Personally I jumped into Linux when it was a joke and everyone used Solaris, Python when it was a joke and everyone used Perl, and virtualisation when nobody would ever use it outside testing. I know I’m early in crypto. I hope it will work out but there’s no guarantees on anything.


> There’s a lot of good tech around

You mean Solana which has to take its network offline every two weeks or so [1] because it can't cope with yet another error/ddos/misconfiguration/what not?

[1] exaggeration.


Oops, during your transfer the value of the currency is now 80% of what it was!



Really? What crypto exactly and how?


yea well i pay people in money not crypto


Sounds like ACH


It is like ACH, but it settles in seconds, rather than in hours.

The current "same day" ACH schedule is that payments that make into the day's batch must be received at the Fed by 4:45 p.m. ET, a target file distribution time of 5:30 p.m. ET, and a settlement time of 6:00 p.m. ET. It's all batch files.

Anything that re-bills periodically will remain on ACH. ACH handles requests to debit someone else's account with ACH, and they can undo that later. That runs on a 3-day cycle. FedNow has to be initiated from the money sender end.


Just for the regular Joe.


> The Federal Reserve System is launching FedNow, a 24/7 instant settlement system which obsoletes middlemen such as Zelle, Paypal, and Venmo

So exactly like crypto except US specific.
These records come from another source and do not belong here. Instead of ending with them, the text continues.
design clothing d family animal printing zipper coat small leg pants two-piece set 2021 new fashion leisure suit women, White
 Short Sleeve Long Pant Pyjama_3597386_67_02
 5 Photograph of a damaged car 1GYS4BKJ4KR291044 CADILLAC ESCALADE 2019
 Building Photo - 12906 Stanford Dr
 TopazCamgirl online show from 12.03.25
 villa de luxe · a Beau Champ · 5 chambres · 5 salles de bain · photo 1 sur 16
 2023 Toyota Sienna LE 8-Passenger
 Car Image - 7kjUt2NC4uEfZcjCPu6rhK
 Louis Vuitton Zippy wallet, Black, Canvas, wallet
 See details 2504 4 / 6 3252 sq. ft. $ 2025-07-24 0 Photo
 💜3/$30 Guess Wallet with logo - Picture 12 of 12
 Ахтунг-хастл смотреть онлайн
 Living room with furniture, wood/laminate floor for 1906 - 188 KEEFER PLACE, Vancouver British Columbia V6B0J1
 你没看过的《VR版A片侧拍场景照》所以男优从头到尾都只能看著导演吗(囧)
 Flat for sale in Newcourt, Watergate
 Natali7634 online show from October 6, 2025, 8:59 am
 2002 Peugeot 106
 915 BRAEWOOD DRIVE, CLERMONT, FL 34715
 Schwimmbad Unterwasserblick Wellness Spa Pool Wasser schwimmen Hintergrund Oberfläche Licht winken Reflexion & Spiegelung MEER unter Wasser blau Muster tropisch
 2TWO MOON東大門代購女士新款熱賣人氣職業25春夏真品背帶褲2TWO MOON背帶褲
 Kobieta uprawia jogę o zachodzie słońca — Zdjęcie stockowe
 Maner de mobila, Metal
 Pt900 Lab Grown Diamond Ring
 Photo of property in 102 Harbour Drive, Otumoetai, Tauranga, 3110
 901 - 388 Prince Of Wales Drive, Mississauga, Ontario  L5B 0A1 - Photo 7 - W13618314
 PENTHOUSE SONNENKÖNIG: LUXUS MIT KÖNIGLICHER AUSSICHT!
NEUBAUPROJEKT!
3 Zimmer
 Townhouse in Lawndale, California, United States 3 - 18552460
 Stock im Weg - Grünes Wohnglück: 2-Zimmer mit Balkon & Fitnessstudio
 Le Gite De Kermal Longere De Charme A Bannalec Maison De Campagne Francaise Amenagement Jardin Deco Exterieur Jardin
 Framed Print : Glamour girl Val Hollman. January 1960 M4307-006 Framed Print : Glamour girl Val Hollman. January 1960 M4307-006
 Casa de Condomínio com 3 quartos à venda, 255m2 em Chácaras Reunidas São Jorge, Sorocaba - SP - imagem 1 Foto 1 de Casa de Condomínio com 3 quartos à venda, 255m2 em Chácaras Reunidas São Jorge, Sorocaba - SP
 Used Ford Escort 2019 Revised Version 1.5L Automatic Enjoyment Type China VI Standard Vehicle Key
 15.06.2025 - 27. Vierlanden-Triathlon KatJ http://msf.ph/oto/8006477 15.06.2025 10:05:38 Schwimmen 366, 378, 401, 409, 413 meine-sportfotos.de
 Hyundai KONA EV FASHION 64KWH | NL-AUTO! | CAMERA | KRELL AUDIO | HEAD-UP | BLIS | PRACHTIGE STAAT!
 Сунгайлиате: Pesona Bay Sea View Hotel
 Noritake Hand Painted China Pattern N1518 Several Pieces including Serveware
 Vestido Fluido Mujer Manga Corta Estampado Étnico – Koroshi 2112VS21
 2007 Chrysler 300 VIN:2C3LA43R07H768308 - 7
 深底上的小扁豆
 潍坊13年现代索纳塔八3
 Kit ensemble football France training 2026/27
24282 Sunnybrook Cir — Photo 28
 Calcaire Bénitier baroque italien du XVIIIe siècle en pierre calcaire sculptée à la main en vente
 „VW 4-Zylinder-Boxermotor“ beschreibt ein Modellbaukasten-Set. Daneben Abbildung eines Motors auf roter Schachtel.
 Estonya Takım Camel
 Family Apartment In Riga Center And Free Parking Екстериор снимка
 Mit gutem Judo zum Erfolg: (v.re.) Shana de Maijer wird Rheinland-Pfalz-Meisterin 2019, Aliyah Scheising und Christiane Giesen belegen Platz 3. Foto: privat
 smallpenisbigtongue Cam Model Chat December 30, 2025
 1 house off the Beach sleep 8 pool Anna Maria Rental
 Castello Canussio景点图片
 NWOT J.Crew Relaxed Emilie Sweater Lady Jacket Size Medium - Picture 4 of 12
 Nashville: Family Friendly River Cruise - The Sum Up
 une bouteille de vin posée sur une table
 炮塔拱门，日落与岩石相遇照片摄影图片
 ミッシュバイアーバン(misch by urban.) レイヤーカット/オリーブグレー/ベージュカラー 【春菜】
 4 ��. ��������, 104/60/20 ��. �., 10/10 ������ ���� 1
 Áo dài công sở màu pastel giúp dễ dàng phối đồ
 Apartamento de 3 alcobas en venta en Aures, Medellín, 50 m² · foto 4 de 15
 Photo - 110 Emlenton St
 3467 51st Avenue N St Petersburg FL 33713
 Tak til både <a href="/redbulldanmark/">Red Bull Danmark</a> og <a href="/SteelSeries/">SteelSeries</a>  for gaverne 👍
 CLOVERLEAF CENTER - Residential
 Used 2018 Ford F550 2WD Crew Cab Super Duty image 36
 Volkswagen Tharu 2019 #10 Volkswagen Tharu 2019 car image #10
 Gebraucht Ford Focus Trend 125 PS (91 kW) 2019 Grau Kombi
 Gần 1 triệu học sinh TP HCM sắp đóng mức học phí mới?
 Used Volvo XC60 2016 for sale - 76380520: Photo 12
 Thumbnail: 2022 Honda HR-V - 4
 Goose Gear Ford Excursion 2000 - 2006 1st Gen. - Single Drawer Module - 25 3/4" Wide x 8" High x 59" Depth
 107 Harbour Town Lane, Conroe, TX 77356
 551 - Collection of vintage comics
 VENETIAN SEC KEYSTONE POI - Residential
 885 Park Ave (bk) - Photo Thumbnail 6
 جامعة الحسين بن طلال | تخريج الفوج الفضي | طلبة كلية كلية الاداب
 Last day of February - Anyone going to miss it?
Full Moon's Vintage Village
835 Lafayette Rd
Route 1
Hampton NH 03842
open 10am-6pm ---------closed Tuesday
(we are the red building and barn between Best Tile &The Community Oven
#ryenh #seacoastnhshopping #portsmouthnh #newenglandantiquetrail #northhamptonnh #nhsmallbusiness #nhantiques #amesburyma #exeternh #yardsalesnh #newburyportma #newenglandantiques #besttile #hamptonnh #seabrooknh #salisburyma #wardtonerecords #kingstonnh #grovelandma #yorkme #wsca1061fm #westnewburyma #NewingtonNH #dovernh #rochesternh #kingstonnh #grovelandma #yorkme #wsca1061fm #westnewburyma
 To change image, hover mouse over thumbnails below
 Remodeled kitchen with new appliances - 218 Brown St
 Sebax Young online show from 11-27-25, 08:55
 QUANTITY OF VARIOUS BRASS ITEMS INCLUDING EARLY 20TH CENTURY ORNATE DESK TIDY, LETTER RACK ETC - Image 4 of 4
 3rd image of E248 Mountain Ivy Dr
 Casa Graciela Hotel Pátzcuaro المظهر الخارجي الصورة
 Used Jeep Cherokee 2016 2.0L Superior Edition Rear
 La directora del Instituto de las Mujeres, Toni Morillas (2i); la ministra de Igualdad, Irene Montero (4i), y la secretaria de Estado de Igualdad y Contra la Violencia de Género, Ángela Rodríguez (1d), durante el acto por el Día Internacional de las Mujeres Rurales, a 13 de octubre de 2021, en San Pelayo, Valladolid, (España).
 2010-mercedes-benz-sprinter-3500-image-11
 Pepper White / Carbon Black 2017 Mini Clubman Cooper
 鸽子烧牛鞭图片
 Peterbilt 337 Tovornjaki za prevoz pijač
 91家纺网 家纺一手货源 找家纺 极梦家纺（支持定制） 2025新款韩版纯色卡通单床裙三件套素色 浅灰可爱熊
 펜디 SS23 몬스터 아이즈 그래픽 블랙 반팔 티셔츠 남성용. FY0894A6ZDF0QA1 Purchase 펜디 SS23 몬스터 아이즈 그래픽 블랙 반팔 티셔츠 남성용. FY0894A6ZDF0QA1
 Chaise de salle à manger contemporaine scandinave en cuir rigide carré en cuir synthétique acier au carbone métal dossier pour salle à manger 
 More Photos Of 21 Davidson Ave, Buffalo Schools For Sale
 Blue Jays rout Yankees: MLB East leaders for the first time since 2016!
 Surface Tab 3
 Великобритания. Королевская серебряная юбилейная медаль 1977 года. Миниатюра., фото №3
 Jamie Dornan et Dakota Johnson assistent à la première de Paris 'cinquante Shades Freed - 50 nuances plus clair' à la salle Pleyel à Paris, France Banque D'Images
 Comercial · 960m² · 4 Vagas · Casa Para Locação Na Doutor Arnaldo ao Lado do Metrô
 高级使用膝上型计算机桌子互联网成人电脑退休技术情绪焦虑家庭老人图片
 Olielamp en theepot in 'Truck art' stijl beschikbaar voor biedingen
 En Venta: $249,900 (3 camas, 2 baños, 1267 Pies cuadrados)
Yeah, except for the fact that regular people will actually be able to use it to buy potatoes using a real currency, not a "currency" that's more volatile than tulip bulbs were in the 1600s.


i’m not sure if you’ve use crypto before, but people buy things in USDC all the time.


I'm new at this, I need a bag of potatoes. Where can I buy them with USDC?


Where can I buy them with Fednow?


Right now, probably nowhere, it's just being introduced.

Afterwards, if it's anything like SEPA, aside from my joke "bag of potatoes" comment, everywhere. In Europe you can make SEPA or SEPA backed transfers almost everywhere.


I live in Europe and have never seen a single potato retailer advertise SEPA. Electronic payments are all Visa and Mastercard.